All by themselves, just by showing up to collect their paychecks.
As it happens I agree with them, sort of. I believe that everyone who earns a paycheck is helping to create wealth. (Actually, so are a lot of people who aren’t earning paychecks, but that’s another subject.) I wouldn’t mind that they think they are creating wealth by working for the real John and Jane Galts (the very few of those who actually exist) if they understood that everybody else who worked with them for the Galts, including the secretaries, janitors, loading dock workers, truck drivers, and repairmen were creating the wealth too. But they don’t understand it or they pretend not to or they understand it fine, they just hate the idea.
So we have all these suit-wearing skimmers and parasites who believe they have given all they need to give by building a McMansion on an acre of land in an exclusive suburb but who also feel aggrieved because they don’t feel that they’ve been given much in return. They’ve turned the aphorism on its head: From whom much has been expected, much must be given.
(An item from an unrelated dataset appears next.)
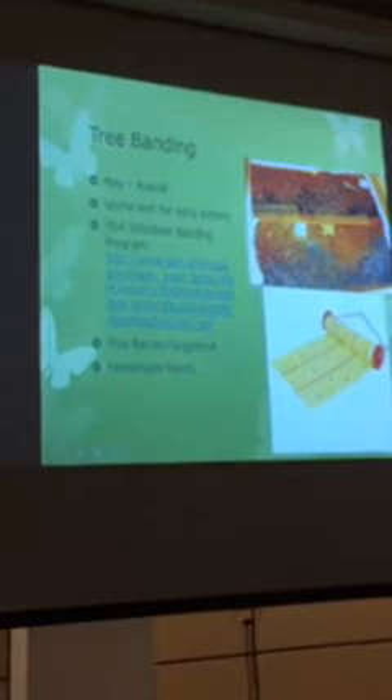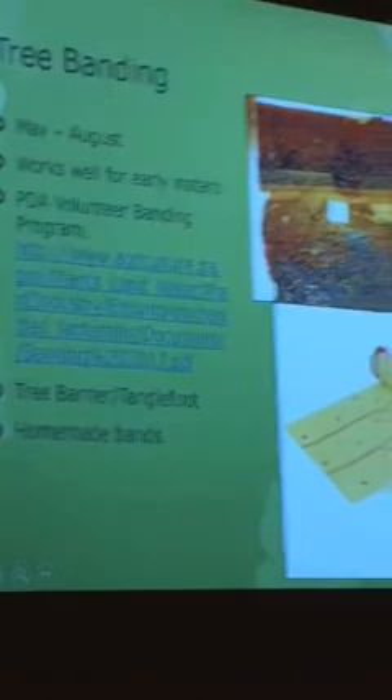Tree banding works best May through August. There is a volunteer banding program through the Department of Agriculture and Penn State Extension where they supply you the banding material to band Ailanthus trees — Tree of Heaven — on your own property. You have to list the trees you're going to apply the bands to, collect them on a bi-weekly basis, and count the number of nymphs on them. This can be a pretty good process when you have thousands of nymphs.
And what have they been given?
They don’t see that their McMansion, their suburb, their jobs that earn them the wealth they think they’ve created wouldn’t exist without good roads, safe bridges, airports---every frequent flyer coupon these business class travelers rack up should be stamped “Your tax dollars at work.”---competent police and fire departments, reliable trash collection, and good public schools turning out not just a well-educated work force but a well-educated citizenry everywhere! Not just in their neighborhoods but all across the country. Heck. All over the world, now.
Their governing philosophy is I’ve got mine and in getting mine I’ve given you yours and it’s more than you deserve, so you know what? I want you to give it back!